The answer must be every line of the data that holds the word "which".

** Supplied information follows **

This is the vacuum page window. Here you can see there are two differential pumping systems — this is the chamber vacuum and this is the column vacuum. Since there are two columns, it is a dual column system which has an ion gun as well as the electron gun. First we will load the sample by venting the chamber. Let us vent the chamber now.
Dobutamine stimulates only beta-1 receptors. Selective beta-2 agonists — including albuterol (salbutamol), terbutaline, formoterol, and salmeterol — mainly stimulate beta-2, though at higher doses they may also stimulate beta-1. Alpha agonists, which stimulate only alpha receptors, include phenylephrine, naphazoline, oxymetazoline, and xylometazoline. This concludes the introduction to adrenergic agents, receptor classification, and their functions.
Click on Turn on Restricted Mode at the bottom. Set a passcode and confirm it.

** End of Supplied information **

- [Answer space]
This is the vacuum page window. Here you can see there are two differential pumping systems — this is the chamber vacuum and this is the column vacuum. Since there are two columns, it is a dual column system which has an ion gun as well as the electron gun. First we will load the sample by venting the chamber. Let us vent the chamber now.
Dobutamine stimulates only beta-1 receptors. Selective beta-2 agonists — including albuterol (salbutamol), terbutaline, formoterol, and salmeterol — mainly stimulate beta-2, though at higher doses they may also stimulate beta-1. Alpha agonists, which stimulate only alpha receptors, include phenylephrine, naphazoline, oxymetazoline, and xylometazoline. This concludes the introduction to adrenergic agents, receptor classification, and their functions.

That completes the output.